In the 2008 world thoroughbred rankings Overdose was among the top sprinters (4th at Timeform with a rating of 126, and 6th at IFHA with 120), despite he did not win a Group I race (at least not officially).

In 2009 Christophe Soumillon volunteered to ride the horse.  After his year opening race at Kincsem Park, Budapest, Overdose was called the Budapest Bullet in Britain, and appeared on the cover of the New York Times, which named him the "Hungarian Seabiscuit".

In mid-2009 one of his hooves became inflamed, which resulted in laminitis. This put the horse's whole career in danger. His recovery lasted for 15 months. Overdose returned in July 2010, with two victories in Bratislava and Budapest, growing his unbeaten record to 14 races.

Overdose lost his unbeaten record in his 15th race under disputed circumstances. In Germany, Baden-Baden, the starter waited eight minutes to get him into the startbox. During this time his rider Christophe Soumillon fell from his saddle thrice. This "procedure" resulted in a hopeless race for him. Although he led to 1000 meters, Overdose lost too much power when entering the startbox, therefore he was unable to keep the pace in the last furlong, and finished only seventh. Professionals says that the German starter was under great pressure, since Overdose's comeback was in the centre of the communication of the racetrack's actual festival (the Große Woche), and the stands were full, since everybody was keen to see Overdose. After this race the horse has suffered another, but minor injury, which resulted in the miss of the remaining of the season.

In 2011 he started the season in Berlin, Germany, with a dominating victory, and ran a new track record. This was the season-opening raceday of the track, and there was a full house. After this great result Overdose was the favourite of all British bookmakers for both of his forthcoming races in the United Kingdom; the Temple Stakes and the King's Stand Stakes.

On the day of his long waited first race in Britain, Overdose appeared on the cover of four newspapers. Second time on Racing Post's cover that week (the first occasion has been his arrival to Britain). He was in the centre of the television broadcast as well. Unfortunately Overdose's travel took three days from Hungary to Britain, and the five days he spent in Britain before the race was not enough to regenerate. Maybe this was the reason why Overdose only placed seventh by four lengths behind the winner in the Group II Temple Stakes. But the team knew, there is more in him, therefore they have stayed in Britain, to prepare him for the Royal Ascot.
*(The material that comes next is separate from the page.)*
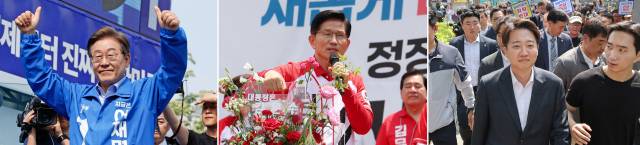 더불어민주당 이재명 대선후보가 21일 인천광역시 부평역 북광장에서 시민들에게 인사하고 있다(왼쪽). 같은 날 국민의힘 김문수 대선후보가 경기 고양시 화정역 문화광장 앞에서 집중 유세를 하고 있고 개혁신당 이준석 대선후보는 경기 성남의료원으로 들어서고 있다. 연합뉴스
After the Haydock race Overdose was able to regenerate during the remaining three weeks to his Royal Ascot race. He was not a favourite anymore. He started in the Group I King's Stand Stakes on the lead, and ran head to head with the Hong Kong superstar Sweet Sanette in the forthcoming furlongs. In the end Overdose finished fourth, only a length away from the winner, and a neck away from Sweet Sanette. The remaining horses were more than two lengths away from the winning four. After the race the officials of the Ascot Racecourse said that they had never seen a horse performing in such a high level after suffering laminitis.
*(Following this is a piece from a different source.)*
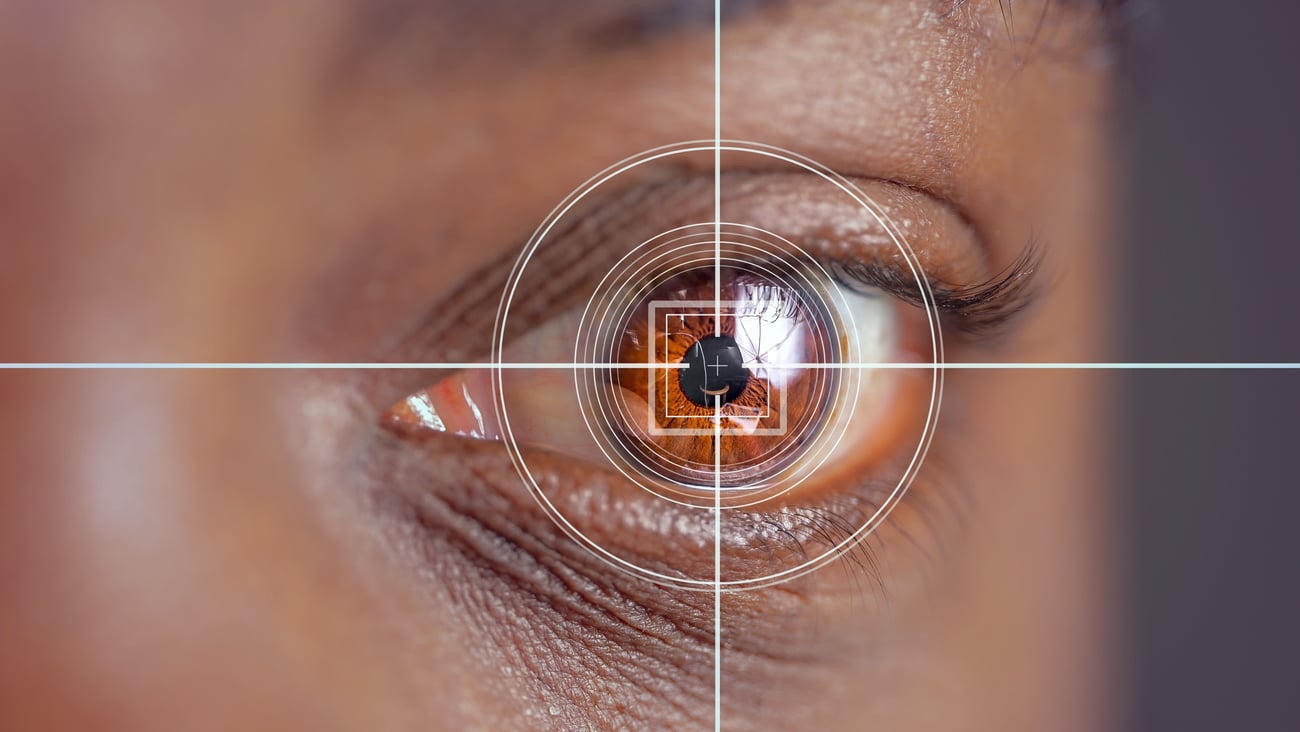 Close up on a young Black woman's eye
Another minor injury resulted in the horse's missing of almost all races of the autumn season, and Overdose was able to race again in November only; the second time in Rome, and for the first time with Frankie Dettori. This time Overdose won with only a half length, but he was spared, Dettori did not ask for more from him.

In February 2012, Overdose suffered a serious injury at Meydan Racecourse, in the very beginning of the 2012 Dubai Racing Carnival.

Jockeys
 2007. Martin Srnec, Zdenko Smida, Piotr Krowicki
 2008. Piotr Krowicki, Andreas Suborics
 2009. Christophe Soumillon
 2010. Gary Hind, Christophe Soumillon
 2011. Andreas Suborics, Frankie Dettori

Race record

Overdose suffered a serious injury at Meydan Racecourse, just before the beginning of the 2012 Dubai Racing Carnival. After that he was retired from racing and was available at Bábolna-Dióspuszta Stud in Hungary in 2014 first, then in 2015 at Vollblutgestüt Lindenhof in Germany.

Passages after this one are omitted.